Bilindiği üzere, uygulamada ve öğretide "muris muvazaası" olarak tanımlanan muvazaa, niteliği itibariyle nisbi (mevsuf-vasıflı) muvazaa türüdür. Söz konusu muvazaada miras bırakan gerçekten sözleşme yapmak ve tapulu taşınmazını devretmek istemektedir. Ancak mirasçısını miras hakkından yoksun bırakmak için esas amacını gizleyerek, gerçekte bağışlamak istediği tapulu taşınmazını, tapuda yaptığı resmi sözleşmede iradesini satış veya ölünceye kadar bakma sözleşmesi doğrultusunda açıklamak suretiyle devretmektedir.
Bu durumda, yerleşmiş Yargıtay içtihatlarında ve 1.4.1974 tarihli 1/2 sayılı İçtihadı Birleştirme Kararında açıklandığı üzere görünürdeki sözleşme tarafların gerçek iradelerine uymadığından, gizli bağış sözleşmesi de Türk Medeni Kanunu"nun (TMK) 706., Türk Borçlar Kanunu"nun (TBK) 237., (Borçlar Kanunu"nun (BK) 213.) ve Tapu Kanunu"nun 26. maddelerinde öngörülen şekil koşullarından yoksun bulunduğundan, saklı pay sahibi olsun veya olmasın miras hakkı çiğnenen tüm mirasçılar dava açarak resmi sözleşmenin muvazaa nedeni ile geçersizliğinin tespitini ve buna dayanılarak oluşturulan tapu kaydının iptalini isteyebilirler.

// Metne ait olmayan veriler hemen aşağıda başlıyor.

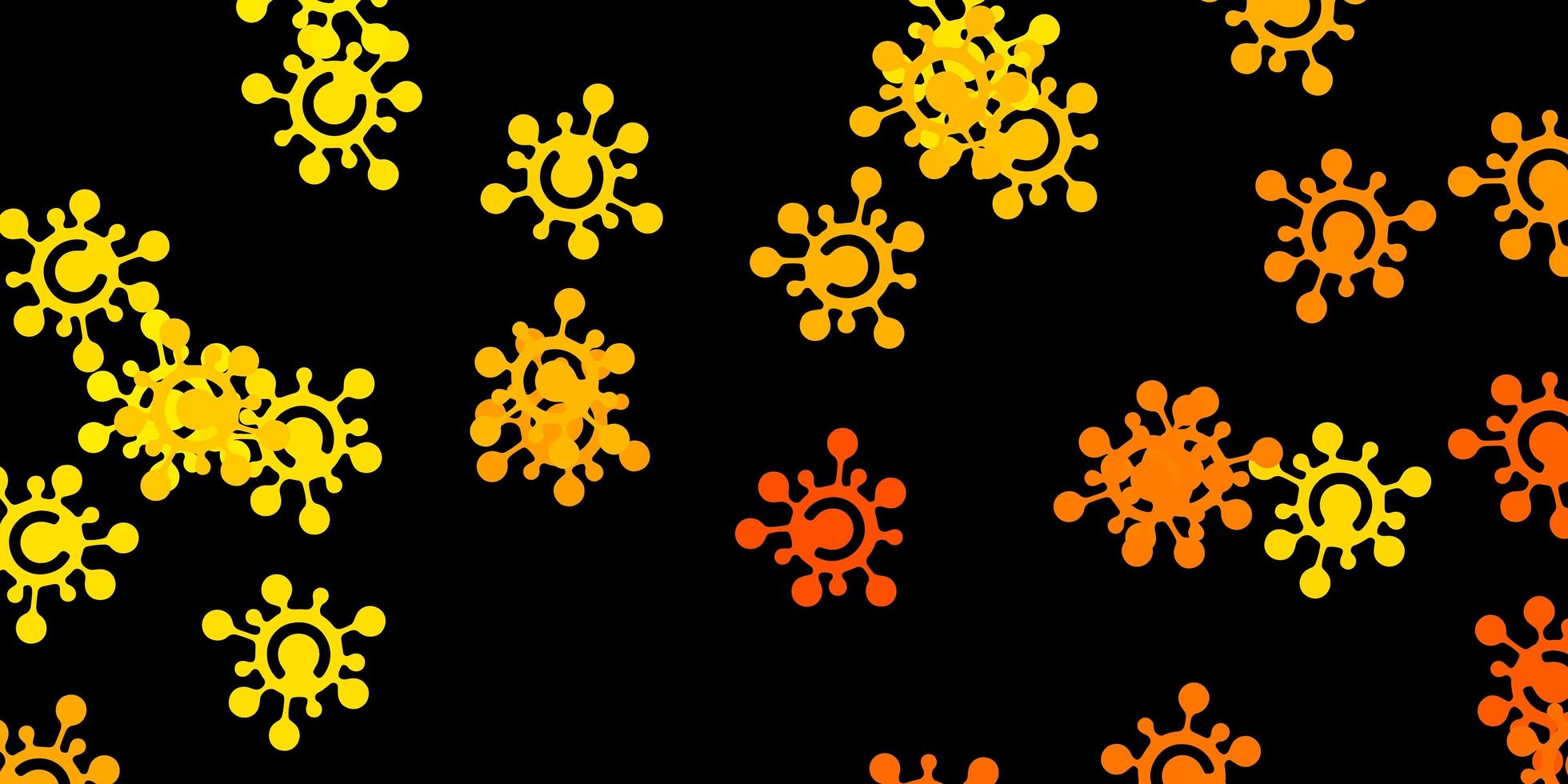 Dark yellow vector pattern with coronavirus elements.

Hemen belirtmek gerekir ki; bu tür uyuşmazlıkların sağlıklı, adil ve doğru bir çözüme ulaştırılabilmesi, davalıya yapılan temlikin gerçek yönünün diğer bir söyleyişle miras bırakanın asıl irade ve amacının duraksamaya yer bırakmayacak biçimde ortaya çıkarılmasına bağlıdır. Bir iç sorun olan gizlenen gerçek irade ve amacın tespiti ile durumun aydınlığa kavuşturulması genellikle zor olduğundan bu yöndeki delillerin eksiksiz toplanılması yanında birlikte ve doğru şekilde değerlendirilmesi de büyük önem taşımaktadır. Bunun için de ülke ve yörenin gelenek ve görenekleri, toplumsal eğilimleri, olayların olağan akışı, mirasbırakanın sözleşmeyi yapmakta haklı ve makul bir nedeninin bulunup bulunmadığı, davalı yanın alım gücünün olup olmadığı, satış bedeli ile sözleşme tarihindeki gerçek değer arasındaki fark, taraflar ile miras bırakan arasındaki beşeri ilişki gibi olgulardan yararlanılmasında zorunluluk vardır.

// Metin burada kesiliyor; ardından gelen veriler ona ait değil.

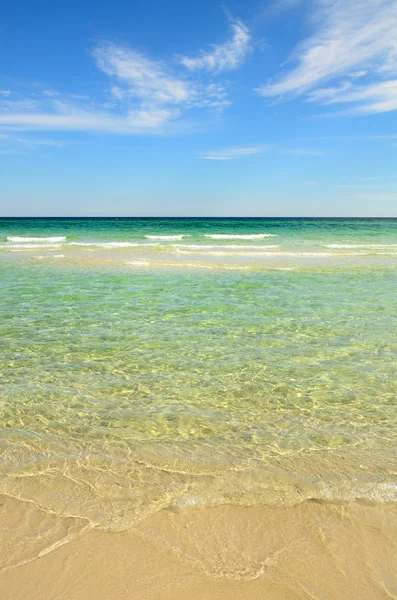 Playa paradisíaca con agua clara Imágenes de stock libres de derechos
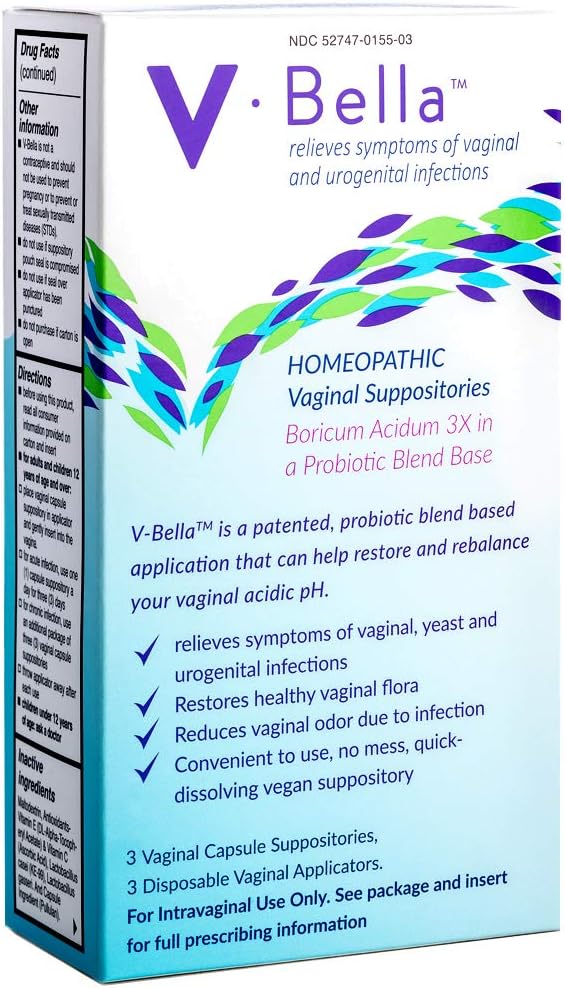 V-Bella Borsäure + Probiotische basierte Vaginal Suppositorien - eine natürlichere Weise, um zu erfrischen, Balance & Relieve Symptome von Hefe, Bacterial (BV) & Urogenital Infektionen, Reduzieren Itchiness & Odor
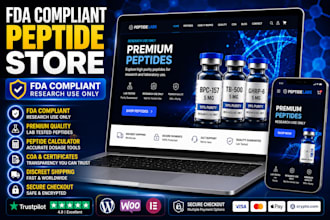 desig premium compliant peptide website or research peptide store on woocommerce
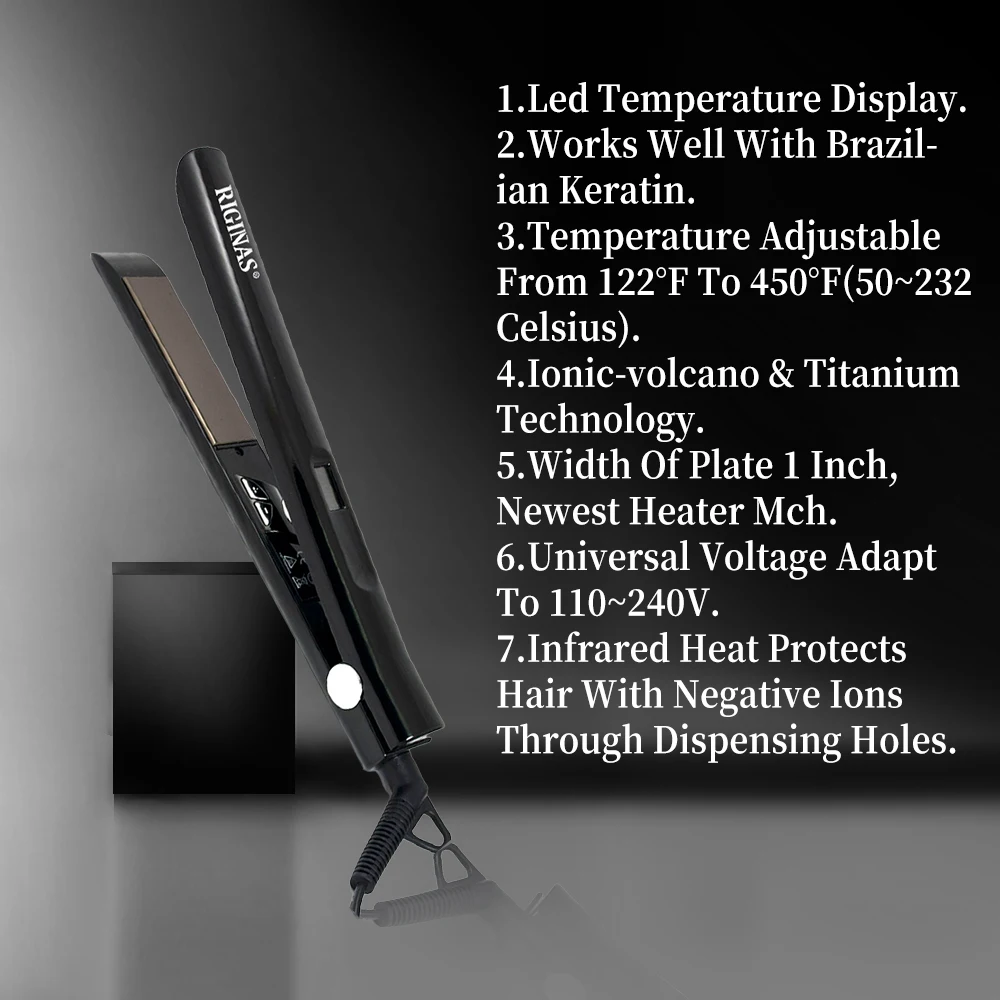 Riginas Protein Hair Straightening Treatment Ceramic Flat Iron Hair Straightener Keratin For Hair Straightening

omut olaya gelince, mirasbırakanın alkol bağımlısı olup eski eşi ve çocuklarıyla arasının kötü olduğu, alçı tavan işi yaptığı, taşınmaz satmaya ihtiyacının olmadığı, ev hanımı olan davalının taşınmazı alım gücünün bulunmadığı, davalı tarafından mirasbırakanın borçlusu olduğu icra takip dosyasına yapılan ödemenin taşınmazın güncel değeri nazara alındığında taşınmazın değeri olarak kabulünün mümkün bulunmadığı anlaşıldığından temlikin mal kaçırma amacıyla muvazaalı yapıldığı sonucuna varılmaktadır.
Hal böyle olunca, davanın kabulüne karar verilmesi gerekirken delillerin takdirinde yanılgıya düşülerek yazılı olduğu üzere karar verilmiş olması doğru değildir.

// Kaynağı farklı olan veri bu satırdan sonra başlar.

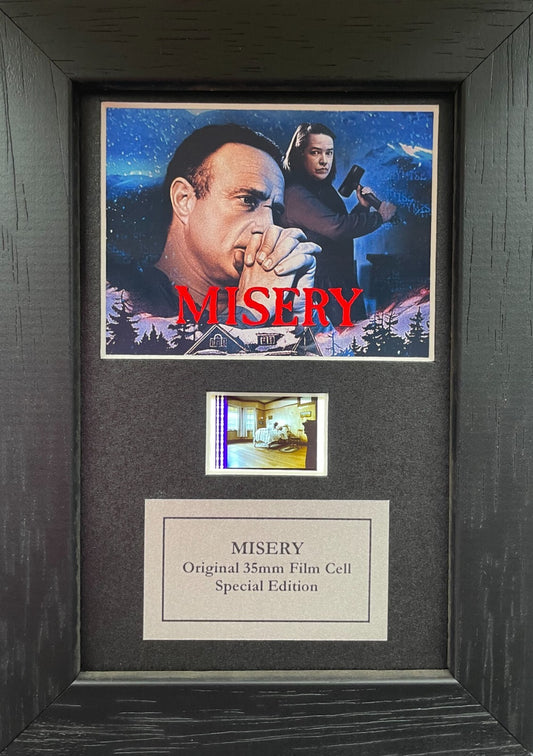 Hand crafted display featuring original Mini 35mm film cells for a MISERY fan
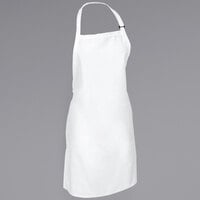 Mercer Culinary M61120WH Genesis® White Customizable Poly-Cotton Bib Apron with Adjustable Neck - 33" x 23"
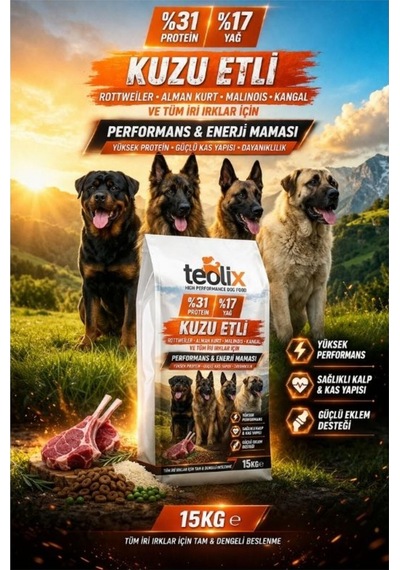 Teolix Kuzu Etli Köpek Maması 15 Kg %31 Protein %17 Yağ İri Irklar İçin Enerji Maması
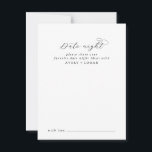 Nattjokort för elegantens skript rådkort<br><div class="desc">De här elegantens manuskort för kvällstankar är perfekten för ett enkelt bröllopsmottagning eller möhippa. Den minimalistiska svartvita designen har romantisk typografi i finare med modernt glam stil. Anpassade i alla färg. Behålla designen minimal och klassad som den är, eller anpassa den genom att lägga till egna bilder och teckningar. Anpassa...</div>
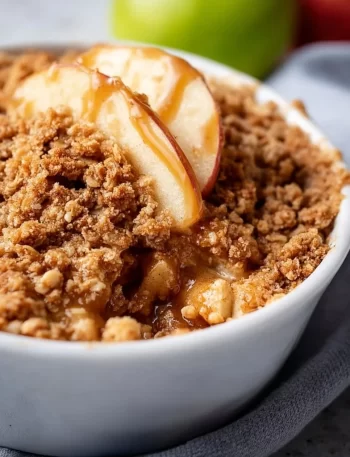 Delicious high protein apple crisp dessert served in a bowl.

Davacıların yerinde görülen temyiz itirazlarının kabulü ile 6100 sayılı HMK"nın 371/1-a maddesi gereğince ... Bölge Adliye Mahkemesi 2. Hukuk Dairesi kararının BOZULMASINA, HMK"nın 373/2. maddesi gereğince dosyanın kararı veren ... Bölge Adliye Mahkemesi 2. Hukuk Dairesine gönderilmesine, 24.11.2020 tarihinde yürürlüğe giren Avukatlık Ücret Tarifesi gereğince gelen temyiz edenler vekili için 3.050.00.-TL. duruşma vekâlet ücretinin temyiz edilenden alınmasına, alınan peşin harcın temyiz edene geri verilmesine, 09/03/2021 tarihinde oybirliğiyle karar verildi.